Module 2:3 - ANOVA and Pairwise Comparisons in JMP
- 1 One-Factor ANOVA in JMP
- 2 Main Effect
- 3 Pairwise Comparison
- 4 The Problem of Multiplicity and Alpha Escalation
- 5 Planned vs. Unplanned Comparisons
- 6 Summary
One-Factor ANOVA in JMP
In JMP, we can perform One-Factor (one way) ANOVA using two different methods: Fit Y by X, and Fit Model. Using the Cost of Flight data generated, we will be seeking an explanation for variances among each group, trying to answer the question: why do people's cost of flight differ from the grand mean. It is our hope to analyze a factor that can either absorb or explain some of the variability. Variability being the differences between individual costs and the grand mean. For this module, we will be exploring the functionalities of some of the JMP features that allow us to perform ANOVA and Pairwise comparison.
Fit Y by X
Using the Fit Y by X platform in JMP (Distribution >> Fit Y by X), we assign
- cost of flight as the Y, responses: individuals containing variability.
- Airline as the X, factors: things we want to make predictions from.

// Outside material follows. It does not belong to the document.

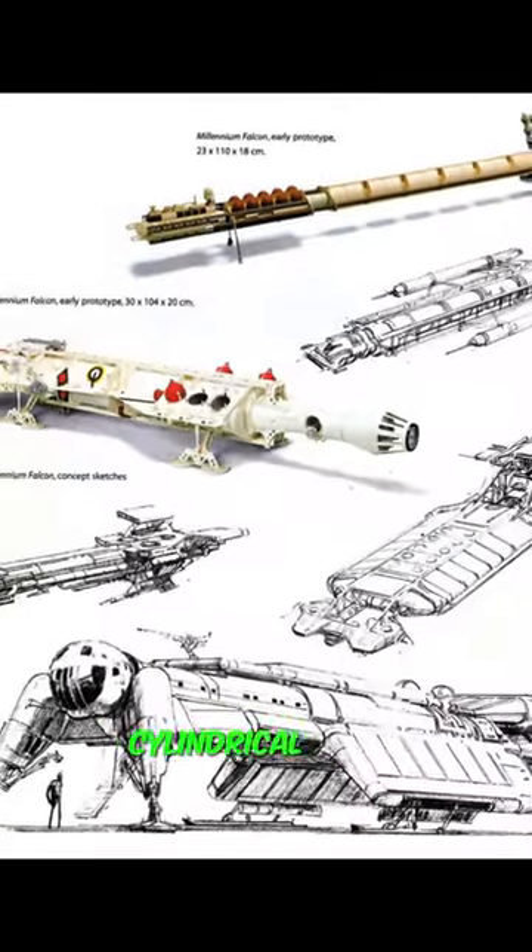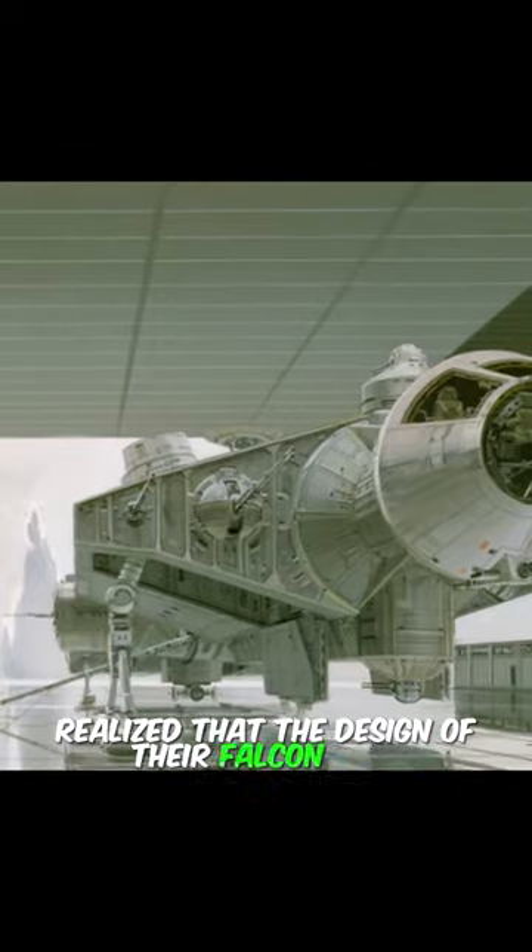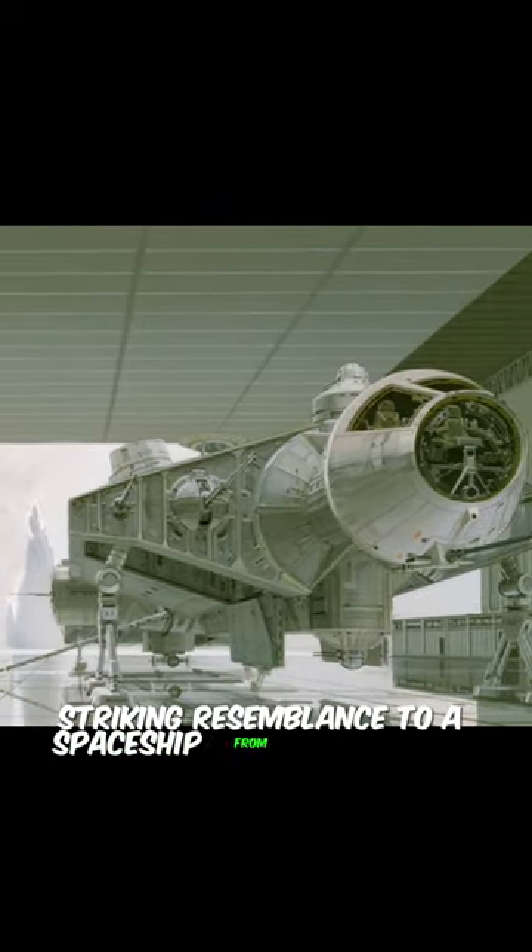Did you know that the Millennium Falcon could have looked different? In early concept art, the Millennium Falcon was of a long cylindrical shape, significantly different from its final version. However, the model creators realized that the design of their Falcon bore a striking resemblance to a spaceship from the British TV series Space.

From the red triangle menu for Oneway Analysis, select Means/Anova. In the dropped down report, we will notice a various of display providing important information for us to analyze the data.
Analysis of Variance
Sum of Squares
- SStotal: C. Total, also known as the corrected total, is the sum of squares associated with the Y column (cost of flight), which is the value of sum of squares if we ignore the model all together and simply looking for the variability in cost of flight. Our ANOVA model is working to explain this total variability on the basis of some treatment or group.
- SStreatment:Sum of Squares of treatment is the sum of squares associated with a certain explanatory factor, which is the Airline group in this example. This value explains how much variability a treatment/group can explain in the Sum of Square Total.

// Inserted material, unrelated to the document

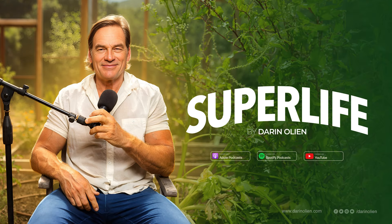Welcome to Super Life with me, Darren O'Lean, a podcast where we explore, discover, and share solutions that promote a healthier life and a better world. Together, we'll ignite possibilities, inspire change, and build sovereignty, creating a roadmap towards a super life for you and for all. Get ready to start living your super life.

- SSError:Sum of Squares of error is the raining variance. This is the sum of squares within the degree to which individuals are varying around their group means.

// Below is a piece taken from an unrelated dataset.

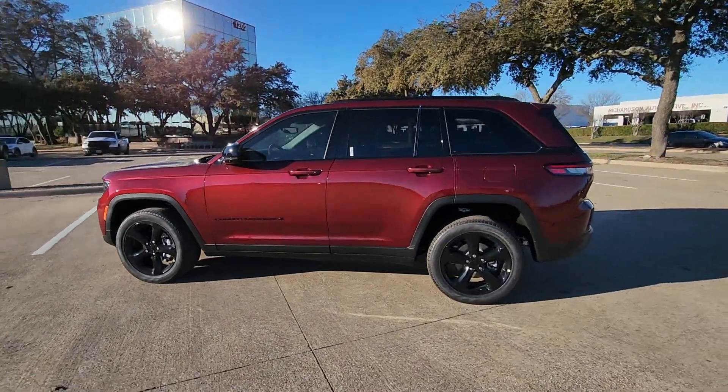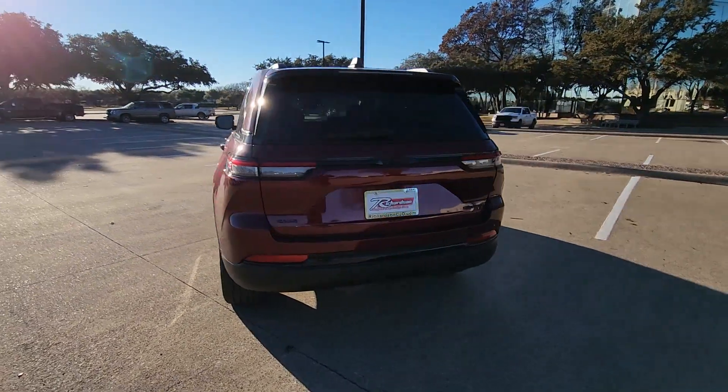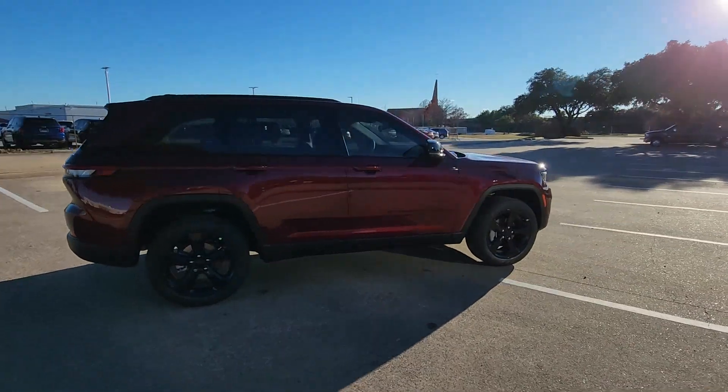Enjoy the view of this 2024 Jeep Grand Cherokee — the stylish all-terrain SUV that blends comfort, high-performance, and rugged capability.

From Sum of Squares, we also get Mean squares, or the variance associated with each source.
- MStreatment:Mean Squares of Treatment/Group is the variances explained by the treatment category.
- MSError:Mean Squares of Error is the variability after we've explained everything we could with different groups.
With Mean Squares of Treatment/Group and Mean Squares of Error, we can obtain the F ratio, or Fobserved:.
- If the null hypothesis stating there are no differences among each group means is true, then we would expect a F ratio close to 1, since Mean Squares of Treatment/Group and Mean Squares of Error will be estimating random variability.
- If the alternative hypothesis suggesting at least one of the group mean is different than others, we would expect a F ratio that's not close to 1. A relatively large F ratio is unlikely to occur if the two mean squares are estimating the same thing.
A p-value can be derived from the calculated F ratio. The p-value is the probability that if the null is true, the likelihood for us to observe a F ratio this far (or close depends on the data) from 1. In essence, using this cost of flight example, the p-value tells us the probability of randomly sampling groups producing deviations that result in large treatment differences. How do we receive the p-value depends on the degree of freedom and applying Fisher Sendecor distribution.
Fit Model (Analyze >> Fit Model) is a platform that is useful more generally for linear models. In the opening window, personality tab indicates the suitable method for the desired analysis. When using for the purpose of ANOVA, Standard Least Squares will be used. After assigned cost of flight in the Y variable, JMP is able to automatically script the proper Personality and Emphasis, which is the value that will be returned when running the analysis. In the Model Effect Section, we need to assign the designated effect or term we want to have in the model, which is the Airline in our example.
Analysis of Variance
Fit Model provides the exact same analysis of variance summary as the one we've seen in Fit Y by X method.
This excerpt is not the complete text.